Santa Cruz County works to stop re-offenders
Santa Cruz County officials announced that the county is taking part in the White House’s Data-Driven Justice Initiative. The program works to find data-driven strategies to stop non-violent criminals with mental health issues from returning to jail.
More than 100 local jurisdictions are taking part in the initiative. According to officials, every year millions of low-level, non-violent offenders costs local governments about $22 billion to incarcerate. The hope is to keep offenders from being kept in jail because they cannot afford bond.
Had Santa Cruz native David Giannini never gotten sober he says he’d probably have ended up behind bars… or something even worse.
“Either jail or quite possibly hospitals or death actually,” said Giannini.

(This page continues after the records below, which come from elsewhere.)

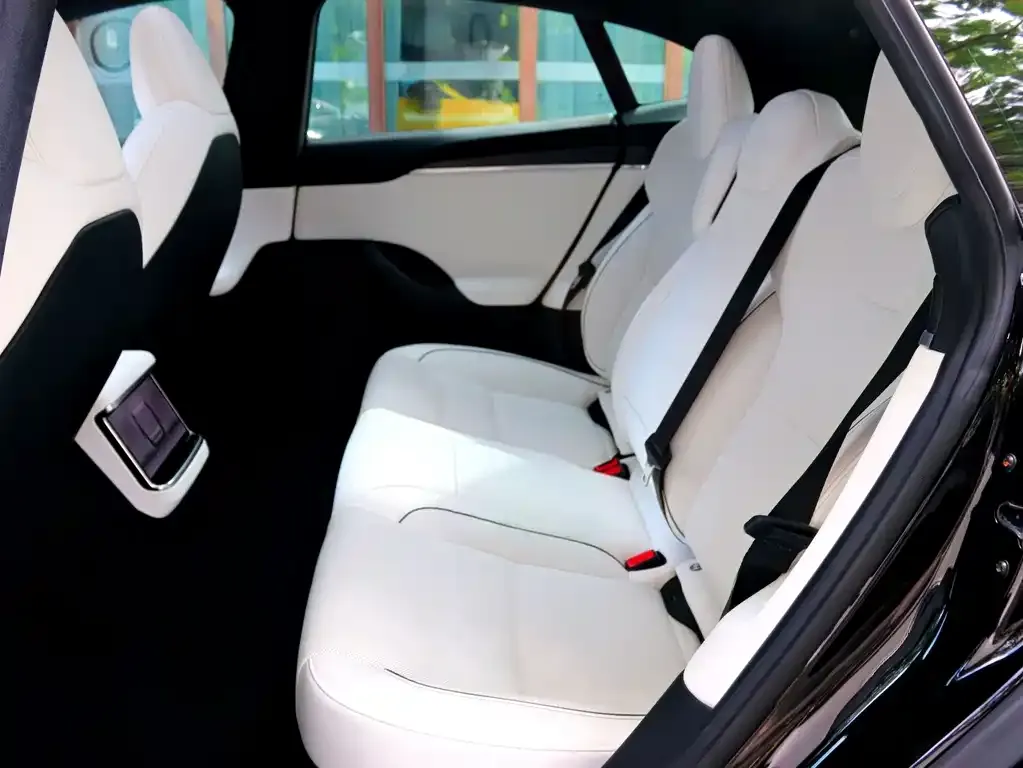 Tesla Model S — фото 9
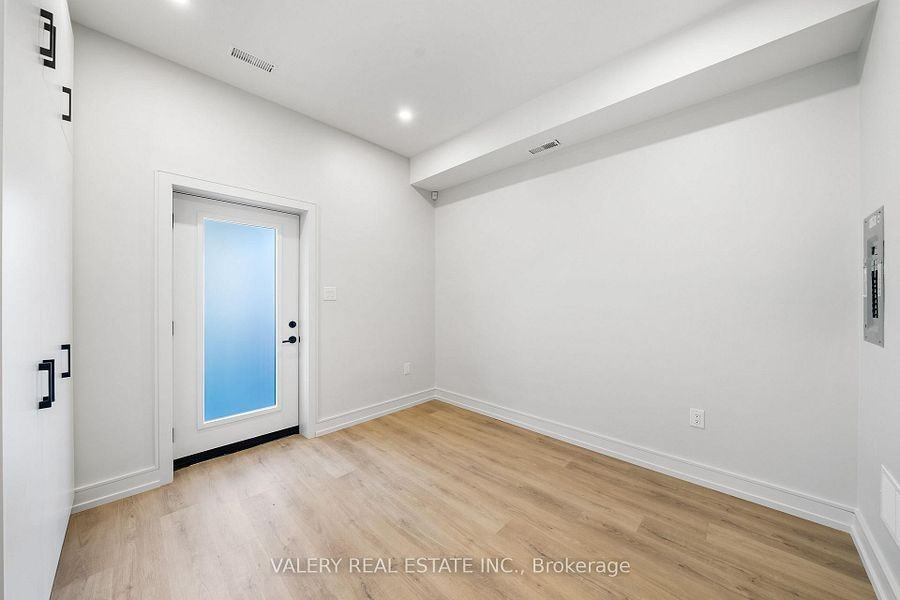 158 Dovercourt Road - Photo 23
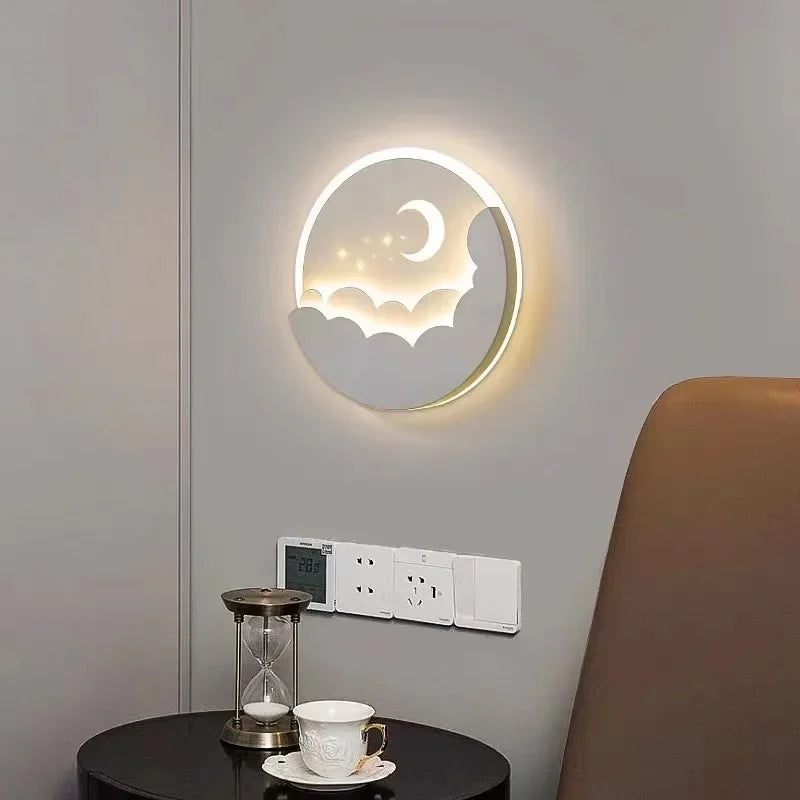 Applique murale LED blanche design salon moderne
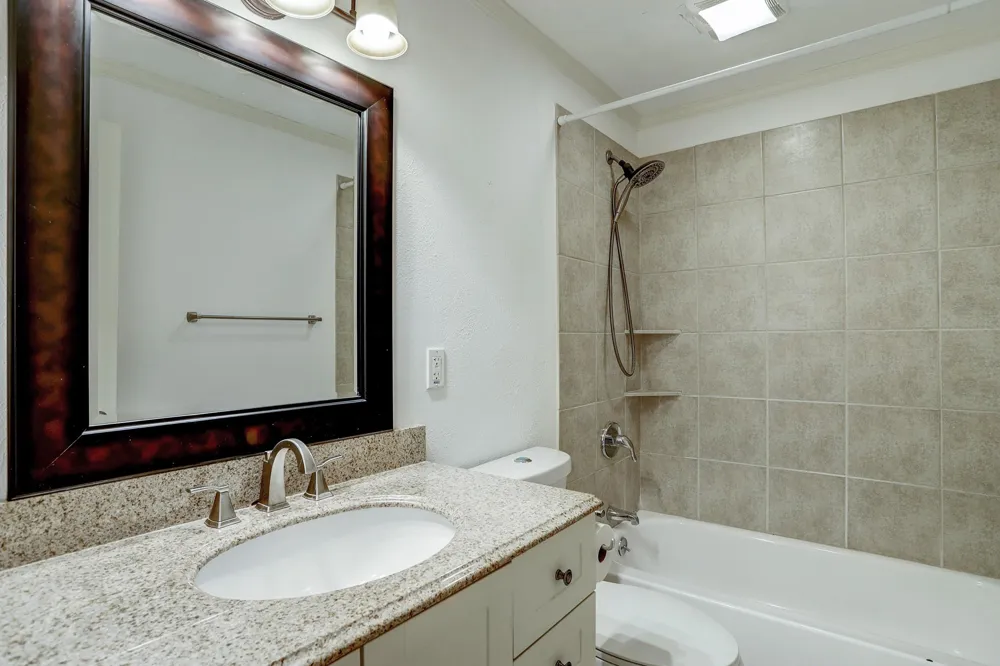 5827 Farwell Drive Houston, TX 77035
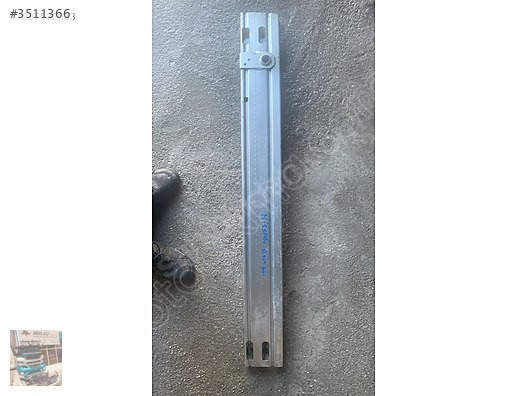 Nissan Qashgai ön tampon demiri çıkma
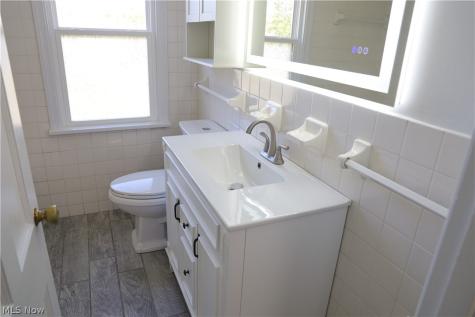 3630 Fenley Road Cleveland Heights OH 44121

Giannini, now clean and sober for more than 20 years, says it doesn’t matter if you are free or an inmate, addicts need to get help.
“This will ensure that if you are incarcerated that when you get out your reentry into society will be so much smoother,” added Giannini.
With that reasoning in mind, Santa Cruz County is teaming up with more than 100 other communities and the White House.
The idea is to figure out the best ways to end mass incarceration of low level non-violent inmates with substance or mental illness problems.
“Those (inmates) with substance abuse disorders or mental health problems tend to languish in our jails and prisons for long periods of time without treatment,” said Santa Cruz County Probation Chief Fernando Fernando Giraldo.
Giraldo says the county already has several successful programs in place to fight this problem, but now new data gathered from bi-monthly meetings with the White House will help them keep better track of the inmates who continue to slip in and out of the cracks.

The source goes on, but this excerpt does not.